EXERCISE DATA =
☆ ☆ ☆ ☆ ☆

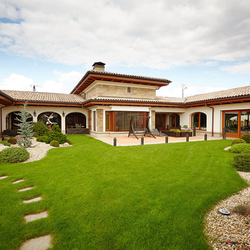 Les d�tails forg�s en accord avec architecture d'entourage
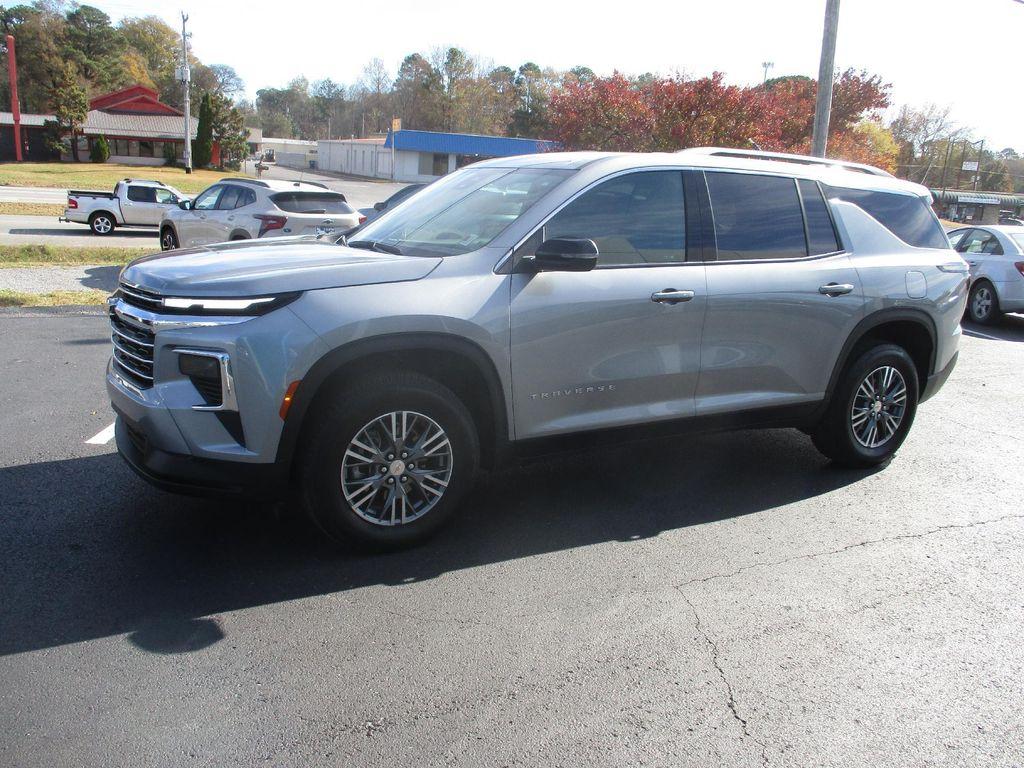 used 2025 Chevrolet Traverse car, priced at $36,999
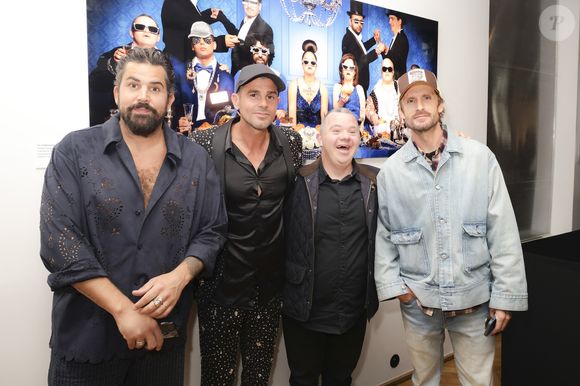 Artus, Philippe Lacheau, Philippe Shangti et Arnaud Toupense, lors de la présentation de l'œuvre "No Judgement here" de Philippe Shangti avec l'équipe du film "Un p'tit truc en plus" au studio Harcourt à Paris le 4 juin 2025. © Jack Tribeca / Bestimage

☆ ☆ ☆ ☆ ☆

TASK INSTRUCTIONS = Give back exactly the lines from the one that contains "used 2025 Chevrolet" to the final line of the data above, both included, with all pictures removed.

SOLUTION TO THIS TASK =
 used 2025 Chevrolet Traverse car, priced at $36,999
 Artus, Philippe Lacheau, Philippe Shangti et Arnaud Toupense, lors de la présentation de l'œuvre "No Judgement here" de Philippe Shangti avec l'équipe du film "Un p'tit truc en plus" au studio Harcourt à Paris le 4 juin 2025. © Jack Tribeca / Bestimage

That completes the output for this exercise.